Although industrial real estate sales cooled during the recession, transactions have been making a comeback with an uptick last year that is expected to continue through 2013.

But this return from recessionary times marks how the industrial sales market has changed locally over the years.
Michael Mullis, a partner in Farnsworth Holdings, says a lot of industrial product in the Memphis market is now owned by out-of-state investors.

“What I do think is interesting is the lack of local guys buying stuff,” Michael Mullis, partner with Farnsworth Holdings, says.

Years ago, local development firms such as Farnsworth, Belz Investment Co. and Weston Cos. Inc. drove the industrial market.

“It was basically that group building warehouse buildings,” Mullis says.

Consequently, those were the firms that were buying and selling a lot of the industrial product.

“Then all the big guys came to town,” Mullis says. “The market totally flipped.
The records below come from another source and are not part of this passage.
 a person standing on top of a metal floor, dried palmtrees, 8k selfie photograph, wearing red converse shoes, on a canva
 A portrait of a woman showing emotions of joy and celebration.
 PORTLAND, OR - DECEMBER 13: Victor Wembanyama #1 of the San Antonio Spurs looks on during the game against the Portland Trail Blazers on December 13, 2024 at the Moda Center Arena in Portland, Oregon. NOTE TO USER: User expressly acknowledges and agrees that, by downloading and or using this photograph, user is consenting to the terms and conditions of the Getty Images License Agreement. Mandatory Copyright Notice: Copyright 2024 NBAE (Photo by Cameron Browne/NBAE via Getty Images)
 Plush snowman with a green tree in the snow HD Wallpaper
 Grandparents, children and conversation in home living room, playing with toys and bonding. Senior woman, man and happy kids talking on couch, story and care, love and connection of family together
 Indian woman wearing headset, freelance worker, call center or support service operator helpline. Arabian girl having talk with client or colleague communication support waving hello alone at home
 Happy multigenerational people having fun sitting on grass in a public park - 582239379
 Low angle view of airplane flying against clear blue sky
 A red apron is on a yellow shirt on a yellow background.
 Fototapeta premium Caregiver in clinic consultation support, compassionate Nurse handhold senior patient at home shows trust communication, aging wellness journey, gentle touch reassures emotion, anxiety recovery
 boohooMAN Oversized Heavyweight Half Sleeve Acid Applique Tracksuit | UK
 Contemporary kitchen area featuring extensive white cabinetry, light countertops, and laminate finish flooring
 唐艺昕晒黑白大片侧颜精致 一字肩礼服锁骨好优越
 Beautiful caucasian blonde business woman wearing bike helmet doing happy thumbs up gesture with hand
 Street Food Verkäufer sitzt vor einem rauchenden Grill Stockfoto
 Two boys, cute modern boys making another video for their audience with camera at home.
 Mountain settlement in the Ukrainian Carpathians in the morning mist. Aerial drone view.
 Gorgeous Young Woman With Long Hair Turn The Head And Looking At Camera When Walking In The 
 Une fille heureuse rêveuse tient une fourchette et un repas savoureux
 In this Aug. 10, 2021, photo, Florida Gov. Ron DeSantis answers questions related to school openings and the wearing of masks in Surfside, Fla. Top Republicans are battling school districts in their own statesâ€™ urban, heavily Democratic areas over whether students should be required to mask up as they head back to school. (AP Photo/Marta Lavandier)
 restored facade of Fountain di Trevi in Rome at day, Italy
The people who are buying stuff nowadays are out-of-town people.”

The “big guys” are national institutional firms such as Industrial Developments International, Panattoni Development Co. and Hillwood Investment Properties, among others.

Industrial Developments International, also known as IDI, has been particularly active lately.

Last year, it sold two buildings it developed in Olive Branch to Monmouth Real Estate Investment Corp., a publicly traded real estate investment trust.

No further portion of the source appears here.